> [Problem requirements]:
Write out exactly the lines from the start of the entries through the one that contains "SHELL Charm Ring", including both.

(Extracted data entries)

__________________________________________________

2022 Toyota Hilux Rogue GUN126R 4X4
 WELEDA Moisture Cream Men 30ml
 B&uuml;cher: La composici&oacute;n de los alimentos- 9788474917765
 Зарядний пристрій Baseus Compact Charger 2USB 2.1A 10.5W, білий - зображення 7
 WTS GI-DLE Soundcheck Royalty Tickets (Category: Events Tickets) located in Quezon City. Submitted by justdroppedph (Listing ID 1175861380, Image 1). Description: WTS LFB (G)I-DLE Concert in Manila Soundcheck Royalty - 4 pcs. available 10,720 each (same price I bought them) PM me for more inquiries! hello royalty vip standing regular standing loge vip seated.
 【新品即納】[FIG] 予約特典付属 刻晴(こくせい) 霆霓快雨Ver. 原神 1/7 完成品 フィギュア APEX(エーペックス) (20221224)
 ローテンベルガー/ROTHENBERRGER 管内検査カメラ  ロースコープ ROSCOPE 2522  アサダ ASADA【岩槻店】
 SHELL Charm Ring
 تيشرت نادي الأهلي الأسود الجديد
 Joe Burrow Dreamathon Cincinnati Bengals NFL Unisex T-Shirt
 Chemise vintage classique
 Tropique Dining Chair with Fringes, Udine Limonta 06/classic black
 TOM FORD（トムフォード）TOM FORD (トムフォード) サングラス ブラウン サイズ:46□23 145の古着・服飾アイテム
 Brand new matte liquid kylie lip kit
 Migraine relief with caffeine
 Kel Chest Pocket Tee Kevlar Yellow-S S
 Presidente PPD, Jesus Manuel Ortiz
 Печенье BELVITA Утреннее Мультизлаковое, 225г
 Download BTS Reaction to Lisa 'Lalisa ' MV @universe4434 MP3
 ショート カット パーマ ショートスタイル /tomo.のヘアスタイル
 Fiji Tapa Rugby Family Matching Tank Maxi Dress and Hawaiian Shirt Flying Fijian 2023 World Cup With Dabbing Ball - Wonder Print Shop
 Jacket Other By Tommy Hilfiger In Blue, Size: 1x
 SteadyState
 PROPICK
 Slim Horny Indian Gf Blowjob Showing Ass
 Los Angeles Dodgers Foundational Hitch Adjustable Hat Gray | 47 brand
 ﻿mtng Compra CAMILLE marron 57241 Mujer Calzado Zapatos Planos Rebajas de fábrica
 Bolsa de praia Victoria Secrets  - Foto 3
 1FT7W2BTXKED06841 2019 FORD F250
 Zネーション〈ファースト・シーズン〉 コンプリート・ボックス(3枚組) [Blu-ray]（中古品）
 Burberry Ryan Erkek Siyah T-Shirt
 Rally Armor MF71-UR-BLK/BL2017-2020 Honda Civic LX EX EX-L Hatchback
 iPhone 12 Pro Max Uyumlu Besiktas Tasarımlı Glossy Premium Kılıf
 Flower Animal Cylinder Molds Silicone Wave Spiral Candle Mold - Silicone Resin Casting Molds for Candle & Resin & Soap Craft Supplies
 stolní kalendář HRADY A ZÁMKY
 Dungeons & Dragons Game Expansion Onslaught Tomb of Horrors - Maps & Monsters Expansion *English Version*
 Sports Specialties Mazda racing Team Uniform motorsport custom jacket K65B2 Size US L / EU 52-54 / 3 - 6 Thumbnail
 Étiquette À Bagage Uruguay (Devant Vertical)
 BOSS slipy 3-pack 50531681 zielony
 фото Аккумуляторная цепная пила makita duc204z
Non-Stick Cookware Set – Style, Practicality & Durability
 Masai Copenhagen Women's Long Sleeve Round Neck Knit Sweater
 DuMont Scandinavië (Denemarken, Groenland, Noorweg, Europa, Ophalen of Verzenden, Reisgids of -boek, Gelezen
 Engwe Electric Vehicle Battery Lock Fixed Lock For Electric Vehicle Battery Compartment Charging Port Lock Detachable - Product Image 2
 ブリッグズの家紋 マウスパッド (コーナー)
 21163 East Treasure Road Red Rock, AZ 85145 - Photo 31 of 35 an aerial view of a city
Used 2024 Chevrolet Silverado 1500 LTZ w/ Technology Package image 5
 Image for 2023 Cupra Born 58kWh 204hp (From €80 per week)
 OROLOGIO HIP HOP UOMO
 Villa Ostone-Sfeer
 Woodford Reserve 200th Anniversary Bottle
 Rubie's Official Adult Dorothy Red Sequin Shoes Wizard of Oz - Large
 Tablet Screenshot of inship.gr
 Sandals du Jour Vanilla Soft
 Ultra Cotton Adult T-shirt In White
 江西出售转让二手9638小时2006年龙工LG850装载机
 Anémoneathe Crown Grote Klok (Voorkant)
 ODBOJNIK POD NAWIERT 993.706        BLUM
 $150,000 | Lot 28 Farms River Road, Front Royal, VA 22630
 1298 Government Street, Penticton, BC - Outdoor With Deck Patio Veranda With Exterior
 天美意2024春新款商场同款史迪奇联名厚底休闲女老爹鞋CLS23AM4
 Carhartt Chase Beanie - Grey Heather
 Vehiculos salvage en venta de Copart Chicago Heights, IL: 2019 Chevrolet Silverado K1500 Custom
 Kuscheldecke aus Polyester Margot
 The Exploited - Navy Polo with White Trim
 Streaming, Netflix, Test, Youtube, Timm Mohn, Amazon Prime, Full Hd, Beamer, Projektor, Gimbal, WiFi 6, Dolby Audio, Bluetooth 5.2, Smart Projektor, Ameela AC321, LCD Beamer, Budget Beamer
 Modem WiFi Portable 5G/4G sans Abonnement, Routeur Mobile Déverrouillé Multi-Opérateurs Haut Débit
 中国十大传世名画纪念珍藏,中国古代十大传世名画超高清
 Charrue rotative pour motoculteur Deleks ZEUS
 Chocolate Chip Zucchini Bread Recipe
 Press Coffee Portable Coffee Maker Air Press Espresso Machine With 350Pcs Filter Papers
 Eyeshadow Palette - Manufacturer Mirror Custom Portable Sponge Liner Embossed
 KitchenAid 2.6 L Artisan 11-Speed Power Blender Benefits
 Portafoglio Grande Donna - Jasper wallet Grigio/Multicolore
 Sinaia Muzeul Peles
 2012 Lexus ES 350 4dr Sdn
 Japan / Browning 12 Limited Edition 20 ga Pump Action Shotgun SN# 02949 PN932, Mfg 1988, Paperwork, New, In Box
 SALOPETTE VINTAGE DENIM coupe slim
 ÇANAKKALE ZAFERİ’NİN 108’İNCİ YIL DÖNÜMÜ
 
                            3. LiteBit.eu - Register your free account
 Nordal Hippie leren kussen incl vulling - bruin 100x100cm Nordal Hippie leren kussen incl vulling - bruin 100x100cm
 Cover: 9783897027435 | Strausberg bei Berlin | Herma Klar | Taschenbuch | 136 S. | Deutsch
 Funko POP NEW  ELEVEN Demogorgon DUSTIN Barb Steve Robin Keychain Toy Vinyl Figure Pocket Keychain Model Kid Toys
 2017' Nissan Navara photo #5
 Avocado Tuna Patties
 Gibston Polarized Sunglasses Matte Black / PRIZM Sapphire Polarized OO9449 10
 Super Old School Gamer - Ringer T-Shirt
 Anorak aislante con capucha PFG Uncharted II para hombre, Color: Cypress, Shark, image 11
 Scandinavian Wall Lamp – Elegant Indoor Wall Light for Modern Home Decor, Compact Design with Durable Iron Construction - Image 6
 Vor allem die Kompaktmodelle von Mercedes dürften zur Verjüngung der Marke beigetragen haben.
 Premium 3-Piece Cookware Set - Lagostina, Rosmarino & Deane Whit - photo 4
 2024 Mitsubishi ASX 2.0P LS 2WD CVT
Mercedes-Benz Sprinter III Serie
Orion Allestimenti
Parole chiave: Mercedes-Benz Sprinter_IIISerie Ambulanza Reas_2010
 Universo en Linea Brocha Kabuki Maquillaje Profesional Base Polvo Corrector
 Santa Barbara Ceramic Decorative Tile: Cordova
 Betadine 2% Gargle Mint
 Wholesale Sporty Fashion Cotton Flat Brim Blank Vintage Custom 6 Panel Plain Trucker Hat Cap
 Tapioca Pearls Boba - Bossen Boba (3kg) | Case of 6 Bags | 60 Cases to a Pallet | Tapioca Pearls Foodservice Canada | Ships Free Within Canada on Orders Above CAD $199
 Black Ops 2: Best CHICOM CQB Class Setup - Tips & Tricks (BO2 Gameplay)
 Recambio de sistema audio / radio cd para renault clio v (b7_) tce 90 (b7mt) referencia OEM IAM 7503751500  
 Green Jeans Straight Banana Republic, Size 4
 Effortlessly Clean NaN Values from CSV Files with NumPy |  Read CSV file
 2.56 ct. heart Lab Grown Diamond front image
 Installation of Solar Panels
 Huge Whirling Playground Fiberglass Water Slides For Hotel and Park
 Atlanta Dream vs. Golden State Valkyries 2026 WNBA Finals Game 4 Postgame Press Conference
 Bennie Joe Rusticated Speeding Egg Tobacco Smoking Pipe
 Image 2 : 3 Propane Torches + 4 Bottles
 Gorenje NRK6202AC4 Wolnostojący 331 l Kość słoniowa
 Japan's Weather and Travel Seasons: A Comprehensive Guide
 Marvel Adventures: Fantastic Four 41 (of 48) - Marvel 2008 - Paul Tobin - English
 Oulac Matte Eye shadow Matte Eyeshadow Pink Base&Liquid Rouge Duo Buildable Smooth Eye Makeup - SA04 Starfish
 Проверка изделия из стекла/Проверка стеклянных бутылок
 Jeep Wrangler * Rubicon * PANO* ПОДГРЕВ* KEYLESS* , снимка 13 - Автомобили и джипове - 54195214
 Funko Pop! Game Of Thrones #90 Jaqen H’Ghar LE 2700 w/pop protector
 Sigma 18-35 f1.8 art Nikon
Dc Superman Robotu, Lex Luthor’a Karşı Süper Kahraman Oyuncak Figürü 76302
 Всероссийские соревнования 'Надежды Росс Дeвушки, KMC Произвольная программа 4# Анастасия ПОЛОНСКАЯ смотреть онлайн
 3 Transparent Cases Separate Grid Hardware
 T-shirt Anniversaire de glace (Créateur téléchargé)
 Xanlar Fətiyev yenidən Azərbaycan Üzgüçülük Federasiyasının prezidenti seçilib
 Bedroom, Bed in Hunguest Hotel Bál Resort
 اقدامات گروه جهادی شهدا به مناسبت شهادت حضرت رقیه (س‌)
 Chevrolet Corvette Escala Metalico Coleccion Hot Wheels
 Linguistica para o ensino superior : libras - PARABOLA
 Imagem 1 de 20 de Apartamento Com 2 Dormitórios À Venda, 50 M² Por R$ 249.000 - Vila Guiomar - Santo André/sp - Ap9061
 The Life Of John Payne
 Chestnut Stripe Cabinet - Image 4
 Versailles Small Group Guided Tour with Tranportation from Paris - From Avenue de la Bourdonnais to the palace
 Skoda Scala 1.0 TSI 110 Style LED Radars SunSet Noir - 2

__________________________________________________

> [Answer to this exercise]:
2022 Toyota Hilux Rogue GUN126R 4X4
 WELEDA Moisture Cream Men 30ml
 B&uuml;cher: La composici&oacute;n de los alimentos- 9788474917765
 Зарядний пристрій Baseus Compact Charger 2USB 2.1A 10.5W, білий - зображення 7
 WTS GI-DLE Soundcheck Royalty Tickets (Category: Events Tickets) located in Quezon City. Submitted by justdroppedph (Listing ID 1175861380, Image 1). Description: WTS LFB (G)I-DLE Concert in Manila Soundcheck Royalty - 4 pcs. available 10,720 each (same price I bought them) PM me for more inquiries! hello royalty vip standing regular standing loge vip seated.
 【新品即納】[FIG] 予約特典付属 刻晴(こくせい) 霆霓快雨Ver. 原神 1/7 完成品 フィギュア APEX(エーペックス) (20221224)
 ローテンベルガー/ROTHENBERRGER 管内検査カメラ  ロースコープ ROSCOPE 2522  アサダ ASADA【岩槻店】
 SHELL Charm Ring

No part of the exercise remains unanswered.